* **Try it**
Could the data below be copied exactly, minus the pictures?

* **Dataset extract**
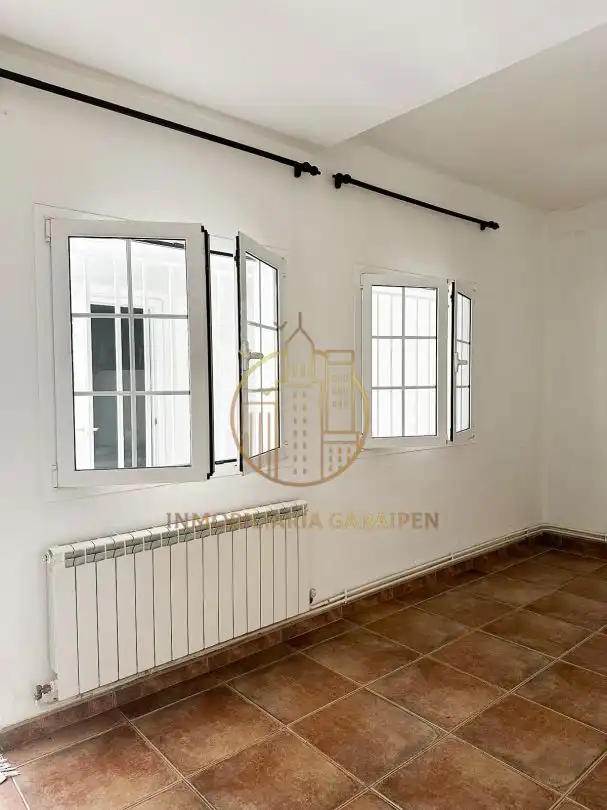 Vista exterior de Casa o chalet en venta en Santacara con Jardín privado y Terraza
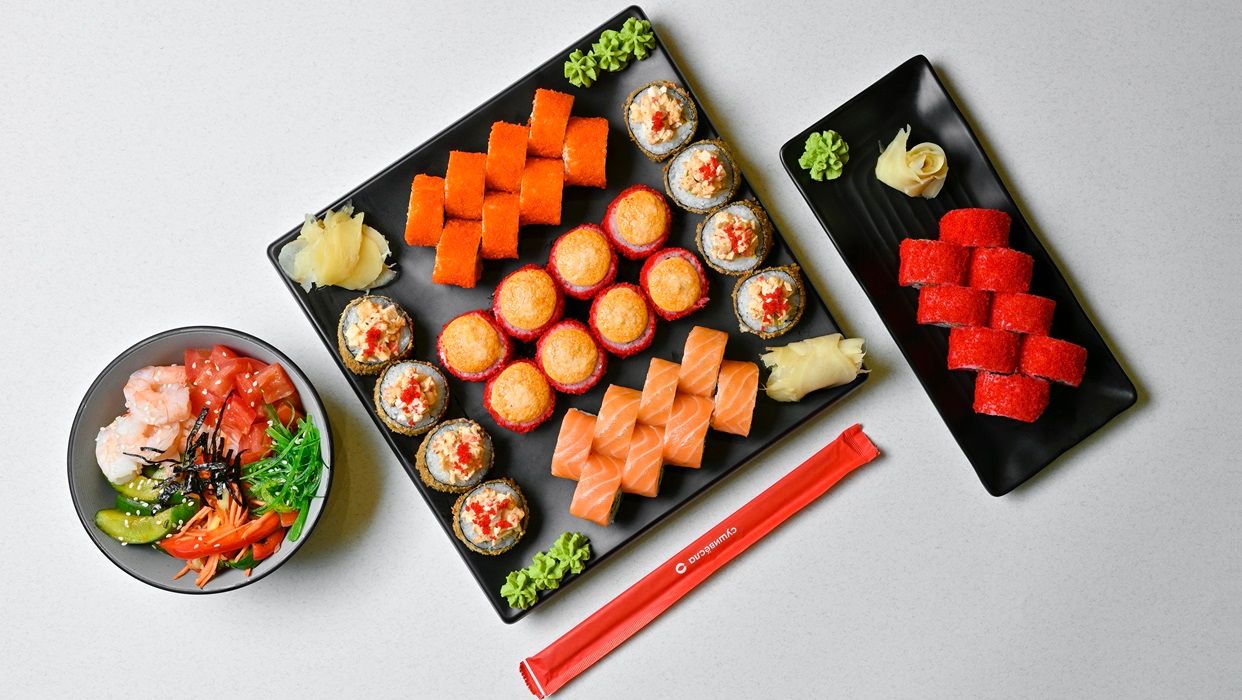 Sushivesla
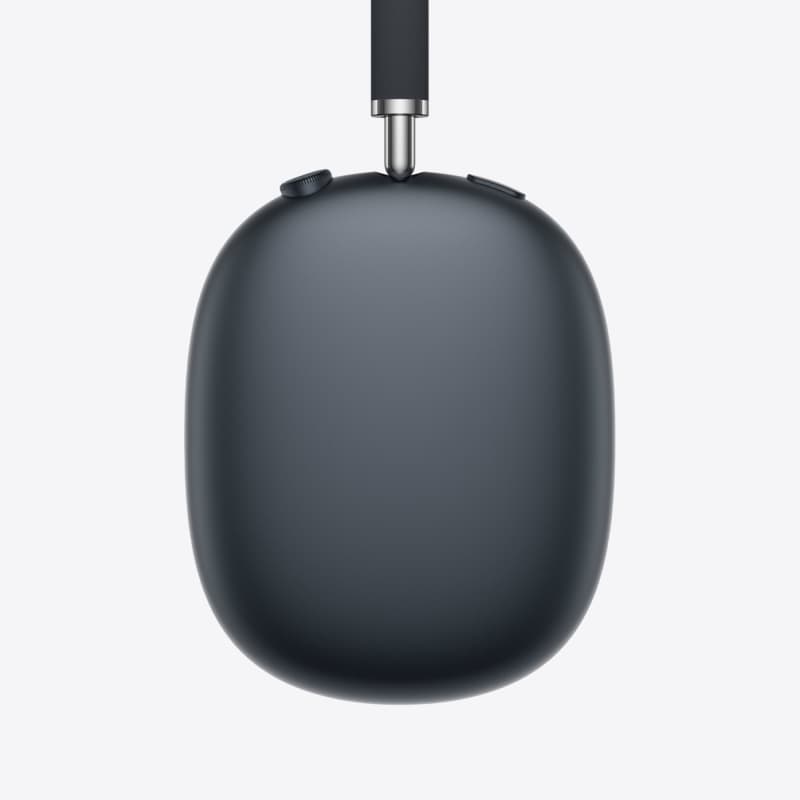 Беспроводная гарнитура Apple AirPods Max 2 (Midnight) (MHWK4) — фото 6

* **Task output**
 Vista exterior de Casa o chalet en venta en Santacara con Jardín privado y Terraza
 Sushivesla
 Беспроводная гарнитура Apple AirPods Max 2 (Midnight) (MHWK4) — фото 6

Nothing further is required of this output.